Fallen Founder: The Life of Aaron Burr
By Nancy Isenberg; Viking, 518 pages, $29.95
Talk about a historical figure who needs a makeover. Aaron Burr killed one of the nation’s most important founders, lost several key elections and is now often relegated to being a historical footnote.
In an era when both popular and scholarly writers have taken a fresh look at most of the Founding Fathers, Burr has usually been treated as an adjunct to the lives and careers of others. Biographers of Alexander Hamilton and Thomas Jefferson often devote a lot of space to Burr, but the accounts of him are generally unflattering.
Fortunately for Burr, his literary ship has come in.
Nancy Isenberg, a history professor at the University of Tulsa, has produced a glowing portrait of Burr that is a valiant attempt to right what she sees as the historical wrong. Unfortunately, the turgid writing style of Fallen Founder: The Life of Aaron Burr detracts from its overall effectiveness.
Isenberg thoroughly portrays the political environment at a time when the nation’s future well being was anything but a done deal. She is a bit too much of a Burr booster and describes him “as far more sincere, and far more enlightened, than he has been given credit for.” But when she puts away her literary pompoms we learn quite a bit about Burr.
Personally, he was a collection of contradictions. For example, Isenberg calls Burr a feminist—giving his daughter an education that was generally reserved for boys— yet he was also a womanizer whose relationships gave fodder to his opponents. Politically, Burr held several important state and federal offices, but for reasons of his own doing and the power of his political foes, he never made it to the top jobs he desired, such as president of the United States or governor of New York.
Burr was Thomas Jefferson’s first vice president and helped provide some of the electoral votes needed to ensure that Jefferson won the presidency in 1800. But when Burr’s political missteps were seen as a liability, he was dropped from the ticket for Jefferson’s second term. Isenberg accuses Jefferson of stabbing Burr in the back while trying to keep his fingerprints off the maneuver. “The president tried to have it both ways: appearing aloof while subtly pulling the strings,’’ she writes.
Burr and Hamilton were longtime rivals, but it was Hamilton’s spreading rumors about Burr while he was vice president that triggered the series of events that led to their legendary duel, in which Hamilton was killed. Isenberg contends that Hamilton had engaged in a 10-year effort to engineer Burr’s political assassination. She portrays Burr as having taken the high road and not being as vindictive or Machiavellian as his political rival.
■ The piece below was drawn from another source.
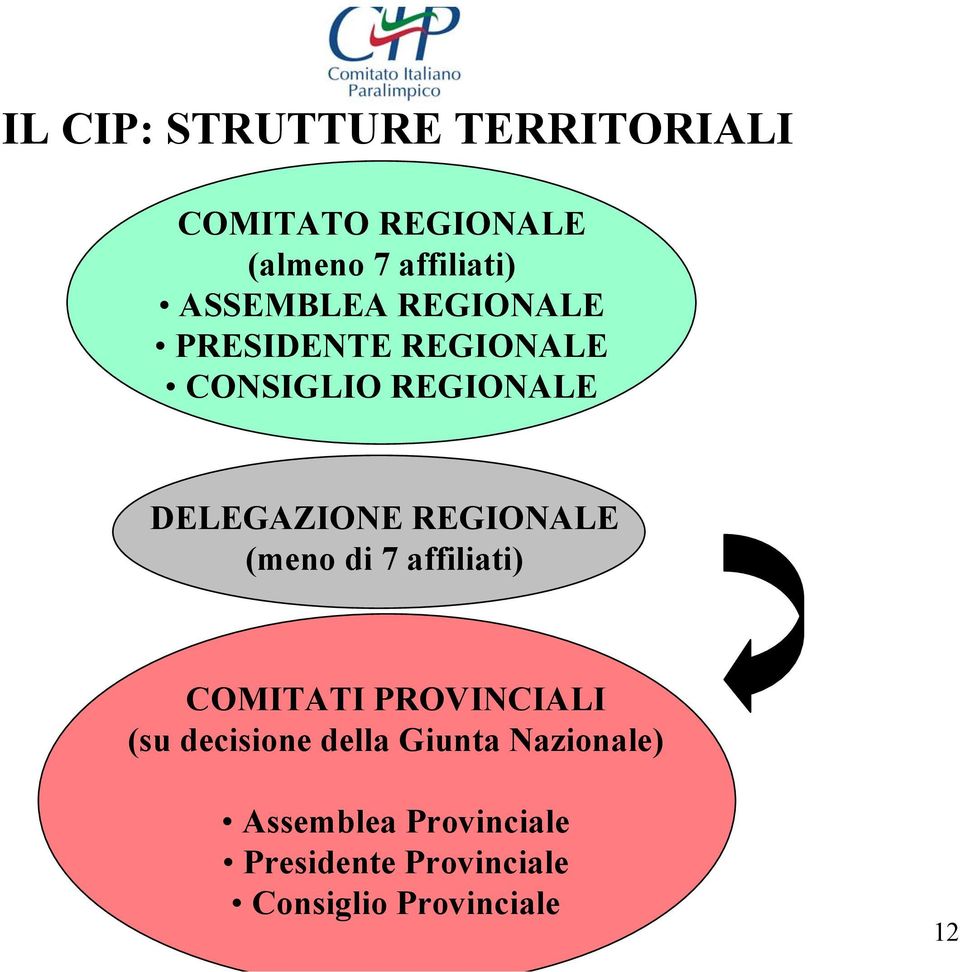 REGIONALE (meno di 7 affiliati) COMITATI PROVINCIALI (su decisione della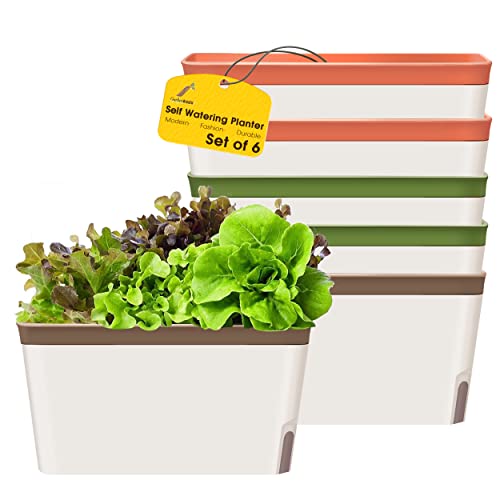 Self Watering Planter Pots Window Box Set of 6 Green Q4635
After the duel, Burr became a fugitive. In 1807 he was charged with treason for his involvement in a plot to separate newly acquired western territories from the United States. Burr was acquitted, but he spent the remaining years of his life moving throughout the United States and Europe, a tragic figure never able to enjoy much happiness.
Burr’s rich life is a wonderful prism through which one can understand a complicated and important era in American history. Isenberg’s historical insights make Fallen Founder worth reading. A more balanced approach coupled with better writing, however, would have made for a more compelling narrative.